Deficit talks implode as GOP drop out
GOP Won't Negotiate on Debt
The problem isn't just the politicians. It's us! We threaten to throw them out if our taxes are raised. So let's face it... the American electorate is as short-sighted, as its leaders are cowardly. Seriously, who would throw away a career that it's taken an entire life to build up. The average politician wouldn't do it. And come to think of it, neither would anyone else. Basically, thanks to our borrow borrow, spend spend mentality, to the tune of $14 trillion, we're all screwed.
It's all political ...
Following on a decision by House Majority Leader Rep. Eric Cantor, R-Va., to pull out of the White House-led debt and deficit talks on Thursday, the other Republican negotiator, Sen. Jon Kyl of Arizona, has also dropped out, because they will not negotiate any further until Democrats take tax increases off the table. Their stance reflect an assessment that there are not the votes in the House to pass any deal that includes tax increases.
Senate Budget Chairman Kent Conrad, D-N.D., noted that GOP control of the House means “they have to take some responsibility, too. “Let’s get real, let’s get honest. This is a spending problem and a revenue problem,” Conrad said.
CBO Report - the urgency of the times
In the annual Long-Term Budget Outlook, the legislature’s budget scorekeepers said that the ratio of debt to GDP this year will be 69 percent, 7 percentage points higher than last year. In 2021, the CBO predicts debt will reach 76 percent of GDP, but under a more dire—and more likely—scenario, the public debt will be 101 percent of GDP 10 years from now, well into the economic danger zone of 90 percent or more.
Last year, that worst-case scenario predicted a debt-to-GDP ratio of 87 percent in 2020, demonstrating that the public debt picture has worsened considerably, in part due to a bipartisan tax deal last year that reduced expected revenue.
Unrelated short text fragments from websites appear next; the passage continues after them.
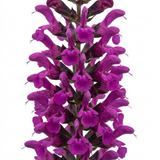1 Large Plant - Salvia Sangoons Plum Crazy, Ready to Plant in Your Garden, 5L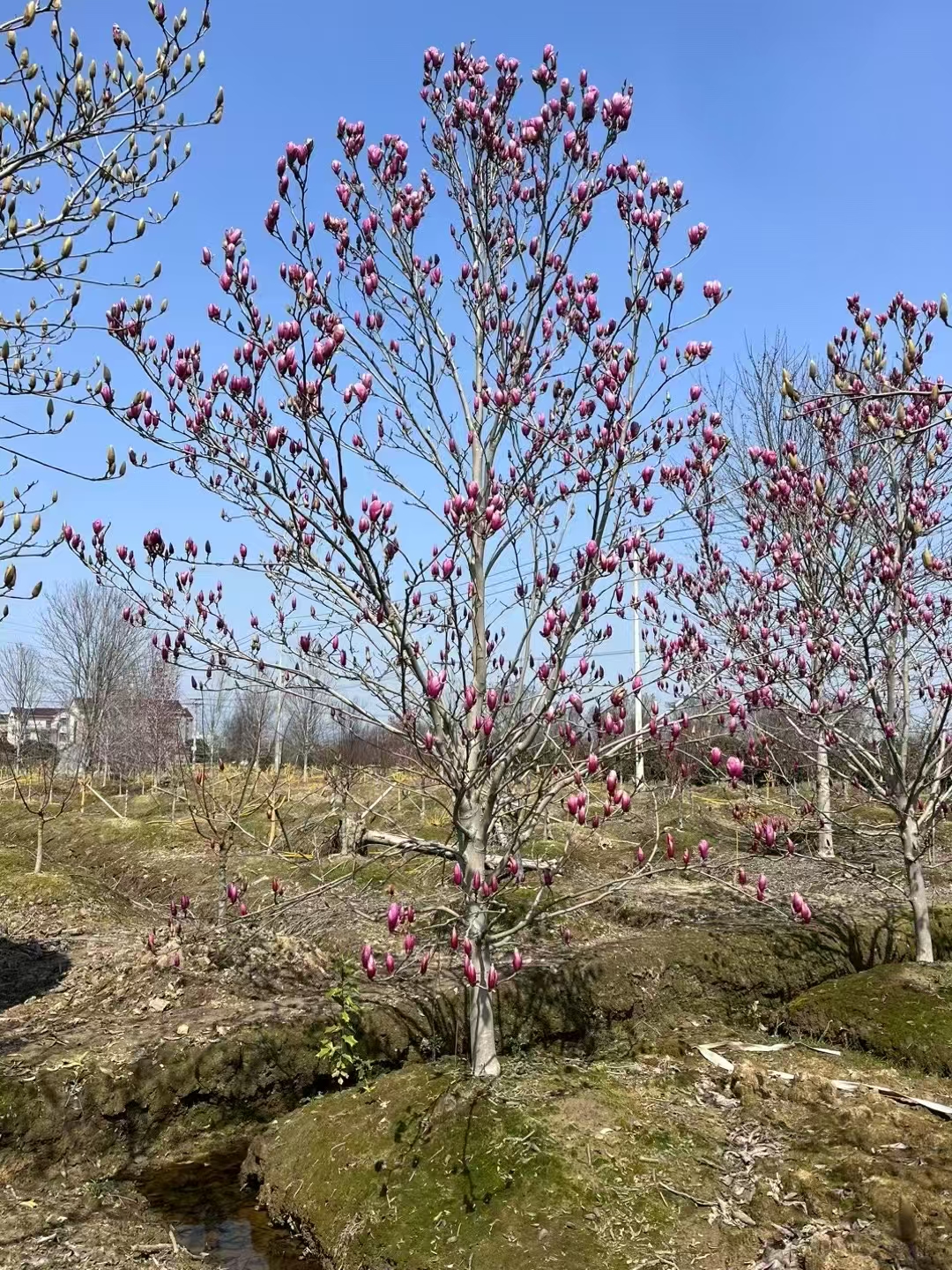 花姿娇艳,是优良的观赏植物,常被用于城市公园,街道绿化以及庭院装饰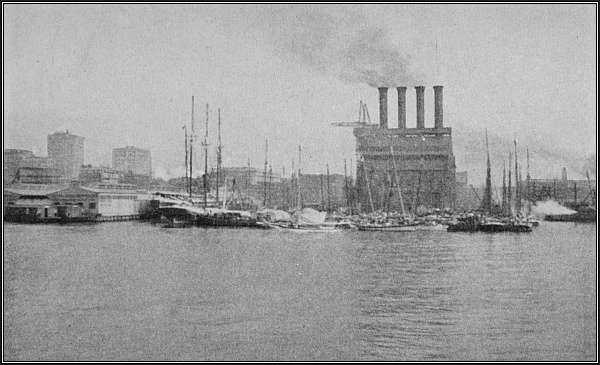 In Baltimore Harbor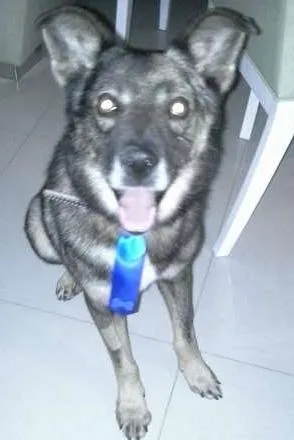 Cachorro raça SRD idade 6 ou mais anos nome negao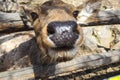 Curious deer portrait close up blurred nose Royalty Free Stock Photo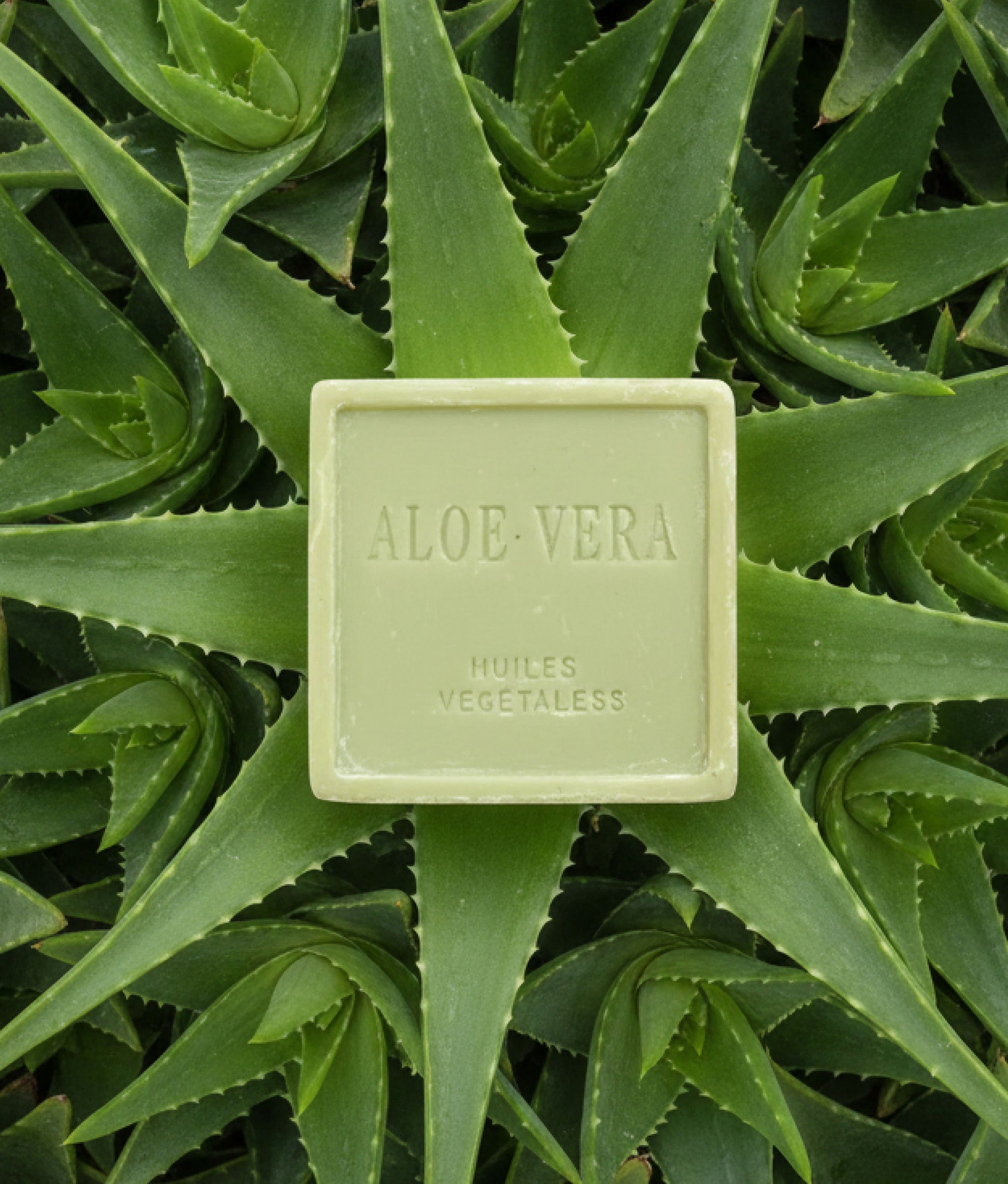 Marseille Soap Aloe Vera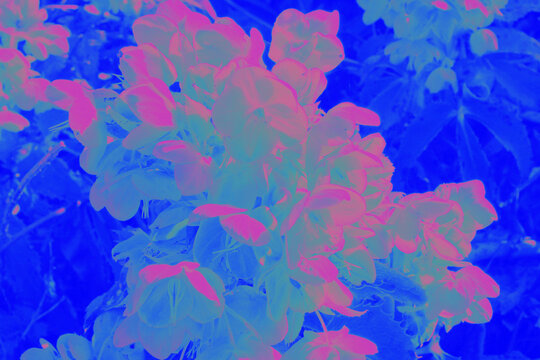Processed with VSCO with d1 preset, blue and purple flowers graphic print edit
To keep deficits and debt from climbing to unsustainable levels, policymakers will need to increase revenues substantially as a percentage of GDP, decrease spending significantly from projected levels, or adopt some combination of those two approaches. Making such changes while economic activity and employment remain well below their potential levels would probably slow the economic recovery. However, the sooner that medium- and long-term changes to tax and spending policies are agreed on, and the sooner they are carried out once the economy recovers, the smaller will be the damage to the economy from growing federal debt. Earlier action would permit smaller or more gradual changes and would give people more time to adjust to them, but it would require more sacrifices sooner from current older workers and retirees for the benefit of younger workers and future generations.